Julia Child in Delhi – Advocate Farah Naaz Makes Her Friend Charu’s Upma, Sector 52, Gurgaon
The great chef’s life in Delhi.
[Text and pictures by Mayank Austen Soofi]
Forced into self-isolation, she closes her eyes and sees herself turning into “a tiny speck of dust.” And now, she, this dust particle, floats into the air, flies across the spaces and oceans, to her friend Charu’s home.
Charu has been forced into self-isolation too. Coronavirus is everywhere.
This dust particle is Farah Naaz, as she imagined herself. She is an advocate and lives in Gurgaon in the Greater Delhi Region. Charu is a friend of her youth, who lives in distant California.
“We spent six years of our college life together, in AMU (Aligarh Muslim University),” recalls Ms Naaz, sitting in the drawing room of her ground floor flat in Sector 52. In her early 40s, the lady is talking on WhatsApp video— the images are taken through the phone screen that connects her to this reporter. Her phone is being carefully held by Asiya, her teenage daughter. Ms Naz lives with husband and two children.
For people who can afford to self-isolate at home, without the existential anxiety of a daily wager, this enforced quarantine can help put things into perspective, and see more clearly what and who truly matters. For Ms Naaz, it happens to be her family, to be sure, but also a precious friendship that has survived the trials of time and geography.
“I was in the college hostel and hailed from West Bengal, while Charu was from Aligarh itself… her parents were Partition refugees and had come from Dera Ismail Khan (in today’s Pakistan).”
The two girls spent the ensuing years “swapping clothes, advices and heartaches.” They also did their MBA together.
One memory that is crystal clear in Ms Naaz’s mind, all these years later, is a trip that she and Charu took with a group of friends to Goa. “We waded into the waters on a beach, holding hands in a chain, and suddenly a very strong wave lashed at us… everyone ran to save themselves but Charu kept holding my hand tightly and didn’t let me fall.”

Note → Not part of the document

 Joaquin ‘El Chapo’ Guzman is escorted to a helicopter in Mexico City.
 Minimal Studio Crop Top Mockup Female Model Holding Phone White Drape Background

Ms Naaz shows a photograph of that eventful trip.
The last time she met her friend was about three years ago, when Charu visited India. “But we text each other almost daily on WhatsApp.” Sometimes the other des not respond in real time, perhaps due to the time difference between Gurugram and California, “but we always get a reply from each other after a day or two.”
And today both the friends are once again sharing the same fate—their life reeling under a lockdown. Seeing Charu in her mind’s eye, Ms Naaz notices that her friend’s “short, dark wavy hair has turned shoulder length, her round face has a few wrinkles but her almond black eyes are still the same.”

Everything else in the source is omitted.